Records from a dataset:
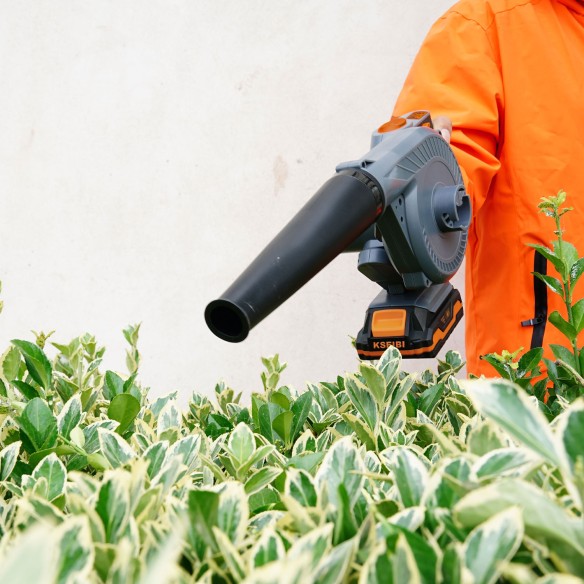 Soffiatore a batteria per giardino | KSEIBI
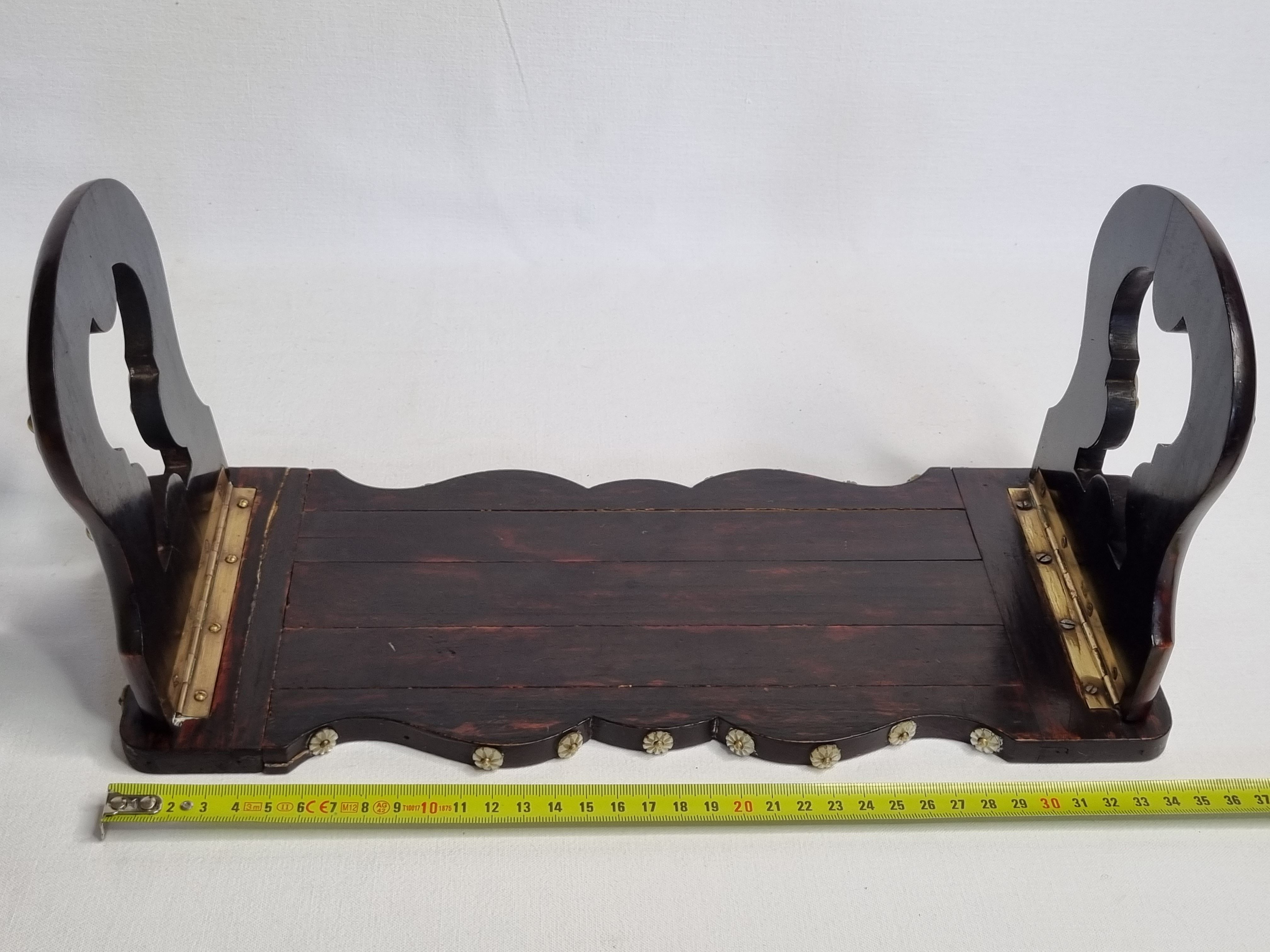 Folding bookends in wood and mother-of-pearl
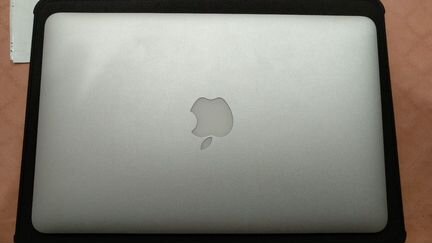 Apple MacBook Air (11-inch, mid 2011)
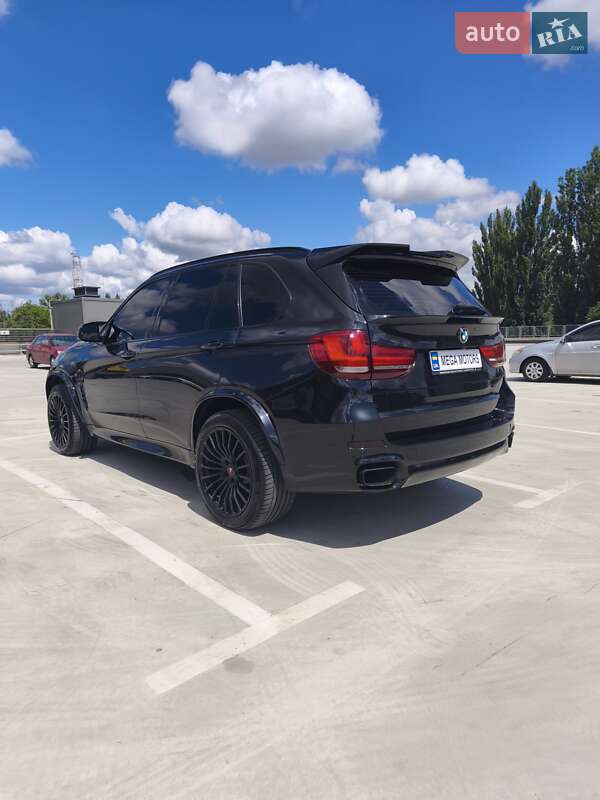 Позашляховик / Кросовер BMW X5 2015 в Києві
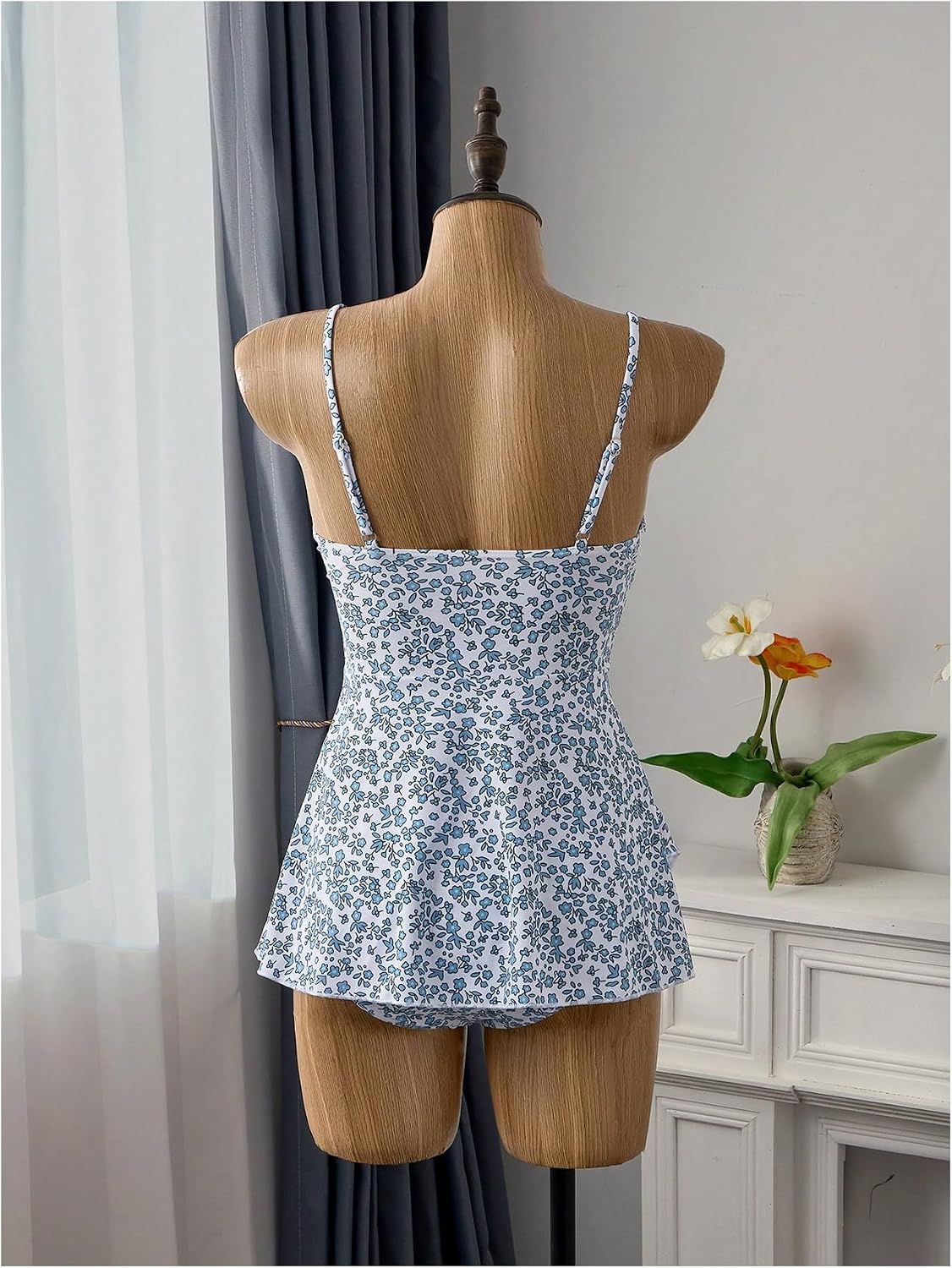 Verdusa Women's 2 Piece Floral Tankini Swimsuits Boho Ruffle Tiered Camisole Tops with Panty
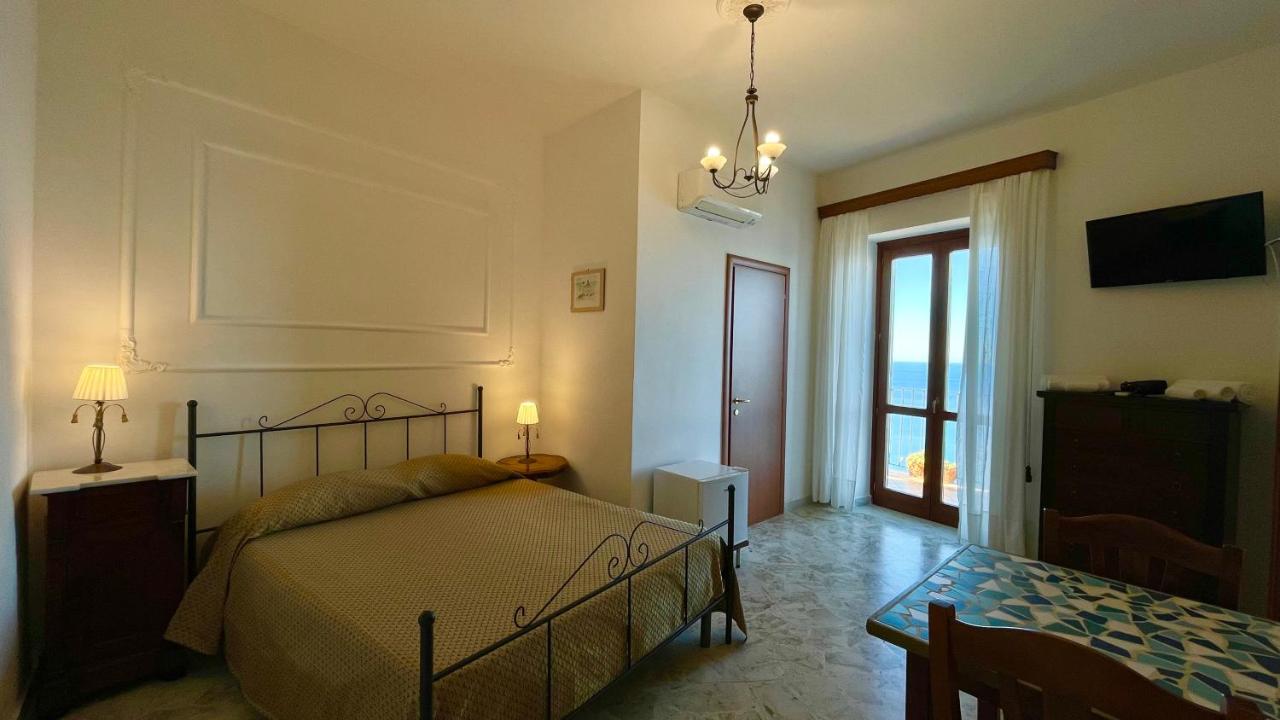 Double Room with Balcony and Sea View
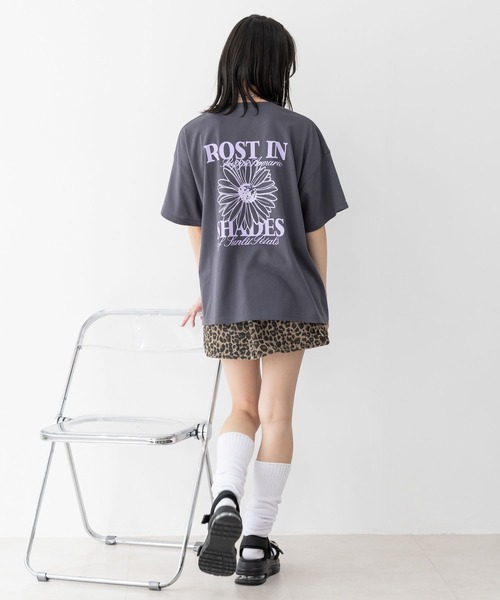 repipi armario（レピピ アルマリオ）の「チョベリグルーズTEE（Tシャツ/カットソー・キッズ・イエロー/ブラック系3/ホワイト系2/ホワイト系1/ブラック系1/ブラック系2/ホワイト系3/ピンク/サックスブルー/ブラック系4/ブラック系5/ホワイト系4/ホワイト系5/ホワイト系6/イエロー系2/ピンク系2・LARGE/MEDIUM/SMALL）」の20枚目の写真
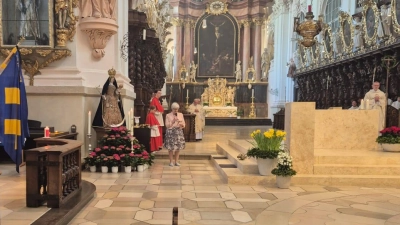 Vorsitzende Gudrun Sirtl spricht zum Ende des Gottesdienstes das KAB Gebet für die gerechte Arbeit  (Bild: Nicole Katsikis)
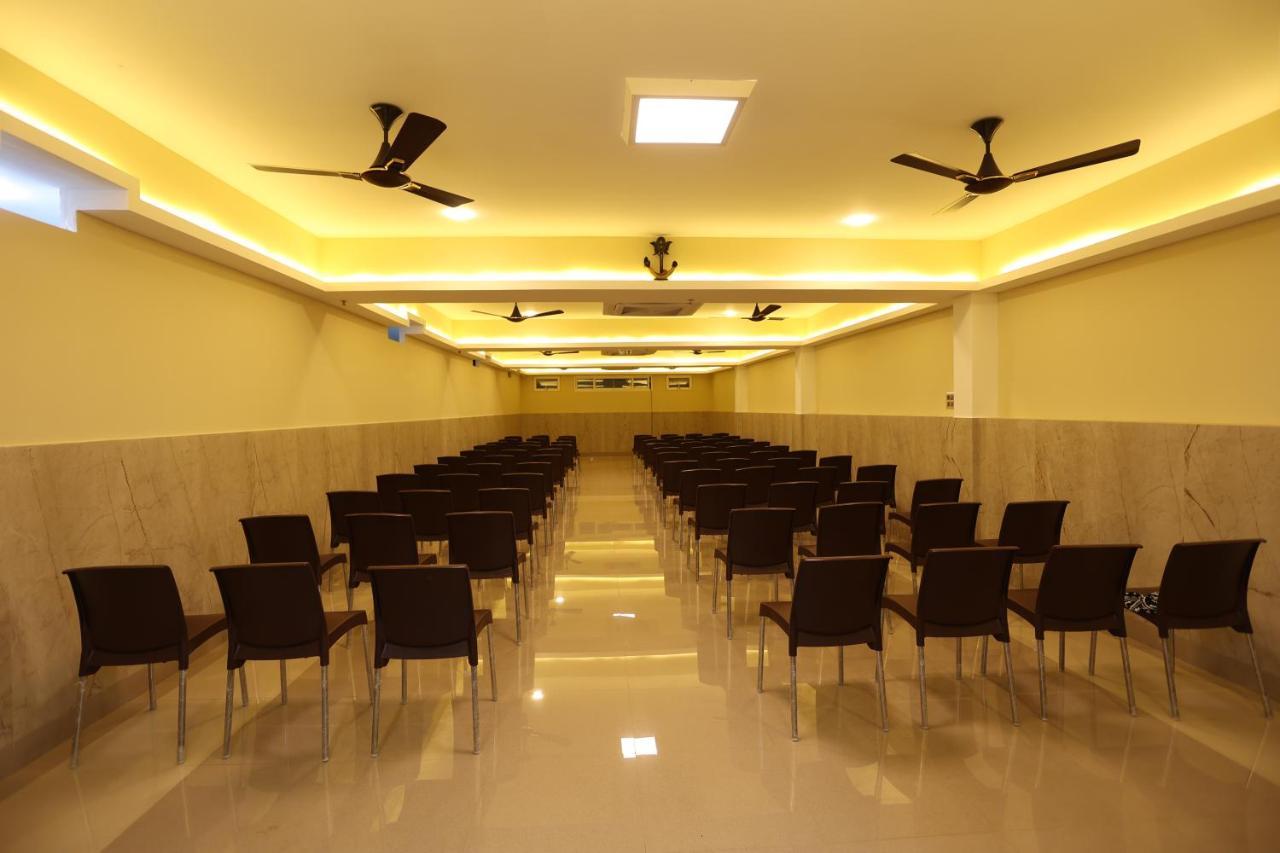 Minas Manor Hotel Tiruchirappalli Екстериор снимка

§ **What you are asked to do**
Could you copy exactly, and with no pictures, the lines above from the one containing "Apple MacBook Air (11-inch, mid 2011)" through the last line, both included?

§ **Task answer**
 Apple MacBook Air (11-inch, mid 2011)
 Позашляховик / Кросовер BMW X5 2015 в Києві
 Verdusa Women's 2 Piece Floral Tankini Swimsuits Boho Ruffle Tiered Camisole Tops with Panty
 Double Room with Balcony and Sea View
 repipi armario（レピピ アルマリオ）の「チョベリグルーズTEE（Tシャツ/カットソー・キッズ・イエロー/ブラック系3/ホワイト系2/ホワイト系1/ブラック系1/ブラック系2/ホワイト系3/ピンク/サックスブルー/ブラック系4/ブラック系5/ホワイト系4/ホワイト系5/ホワイト系6/イエロー系2/ピンク系2・LARGE/MEDIUM/SMALL）」の20枚目の写真
 Vorsitzende Gudrun Sirtl spricht zum Ende des Gottesdienstes das KAB Gebet für die gerechte Arbeit  (Bild: Nicole Katsikis)
 Minas Manor Hotel Tiruchirappalli Екстериор снимка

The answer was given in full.